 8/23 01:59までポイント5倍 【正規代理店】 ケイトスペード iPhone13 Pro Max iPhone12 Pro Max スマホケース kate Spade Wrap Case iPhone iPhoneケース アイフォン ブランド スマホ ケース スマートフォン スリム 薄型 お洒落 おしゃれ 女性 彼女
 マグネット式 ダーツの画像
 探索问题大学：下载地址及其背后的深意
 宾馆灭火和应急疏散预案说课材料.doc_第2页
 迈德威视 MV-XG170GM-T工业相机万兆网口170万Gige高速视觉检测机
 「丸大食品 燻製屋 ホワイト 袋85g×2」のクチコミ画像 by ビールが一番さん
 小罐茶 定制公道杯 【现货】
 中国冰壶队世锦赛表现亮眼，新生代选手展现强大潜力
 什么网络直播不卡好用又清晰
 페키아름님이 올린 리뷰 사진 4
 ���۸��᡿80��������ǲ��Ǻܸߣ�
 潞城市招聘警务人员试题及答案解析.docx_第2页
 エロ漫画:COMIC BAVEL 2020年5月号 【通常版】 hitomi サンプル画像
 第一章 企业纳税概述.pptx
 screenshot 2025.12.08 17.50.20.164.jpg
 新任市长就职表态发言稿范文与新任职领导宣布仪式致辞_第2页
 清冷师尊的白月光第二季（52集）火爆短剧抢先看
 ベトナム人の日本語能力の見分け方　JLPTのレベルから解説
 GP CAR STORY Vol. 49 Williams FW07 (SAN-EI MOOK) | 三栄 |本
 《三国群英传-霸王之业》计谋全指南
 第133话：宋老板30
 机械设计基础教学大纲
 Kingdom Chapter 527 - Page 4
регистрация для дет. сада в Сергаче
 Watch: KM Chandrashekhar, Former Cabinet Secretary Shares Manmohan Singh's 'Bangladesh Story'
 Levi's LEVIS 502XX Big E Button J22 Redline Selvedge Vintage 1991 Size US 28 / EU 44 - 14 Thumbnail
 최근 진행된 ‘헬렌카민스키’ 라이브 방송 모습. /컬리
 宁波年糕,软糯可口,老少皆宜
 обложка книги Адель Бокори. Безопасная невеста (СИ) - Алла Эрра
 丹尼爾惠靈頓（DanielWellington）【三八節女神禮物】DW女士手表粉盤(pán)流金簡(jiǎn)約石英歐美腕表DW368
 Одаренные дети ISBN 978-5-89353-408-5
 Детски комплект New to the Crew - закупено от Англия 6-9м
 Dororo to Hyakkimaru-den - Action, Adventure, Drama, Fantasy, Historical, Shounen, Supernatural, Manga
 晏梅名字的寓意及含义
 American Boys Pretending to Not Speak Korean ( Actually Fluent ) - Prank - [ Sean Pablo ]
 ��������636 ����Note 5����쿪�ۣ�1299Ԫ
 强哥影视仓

^^^^

Print exactly the lines above from the one with "宾馆灭火和应急疏散预案说课材料.doc_第2页" to the one with "Watch: KM Chandrashekhar, Former", including both.

 宾馆灭火和应急疏散预案说课材料.doc_第2页
 迈德威视 MV-XG170GM-T工业相机万兆网口170万Gige高速视觉检测机
 「丸大食品 燻製屋 ホワイト 袋85g×2」のクチコミ画像 by ビールが一番さん
 小罐茶 定制公道杯 【现货】
 中国冰壶队世锦赛表现亮眼，新生代选手展现强大潜力
 什么网络直播不卡好用又清晰
 페키아름님이 올린 리뷰 사진 4
 ���۸��᡿80��������ǲ��Ǻܸߣ�
 潞城市招聘警务人员试题及答案解析.docx_第2页
 エロ漫画:COMIC BAVEL 2020年5月号 【通常版】 hitomi サンプル画像
 第一章 企业纳税概述.pptx
 screenshot 2025.12.08 17.50.20.164.jpg
 新任市长就职表态发言稿范文与新任职领导宣布仪式致辞_第2页
 清冷师尊的白月光第二季（52集）火爆短剧抢先看
 ベトナム人の日本語能力の見分け方　JLPTのレベルから解説
 GP CAR STORY Vol. 49 Williams FW07 (SAN-EI MOOK) | 三栄 |本
 《三国群英传-霸王之业》计谋全指南
 第133话：宋老板30
 机械设计基础教学大纲
 Kingdom Chapter 527 - Page 4
регистрация для дет. сада в Сергаче
 Watch: KM Chandrashekhar, Former Cabinet Secretary Shares Manmohan Singh's 'Bangladesh Story'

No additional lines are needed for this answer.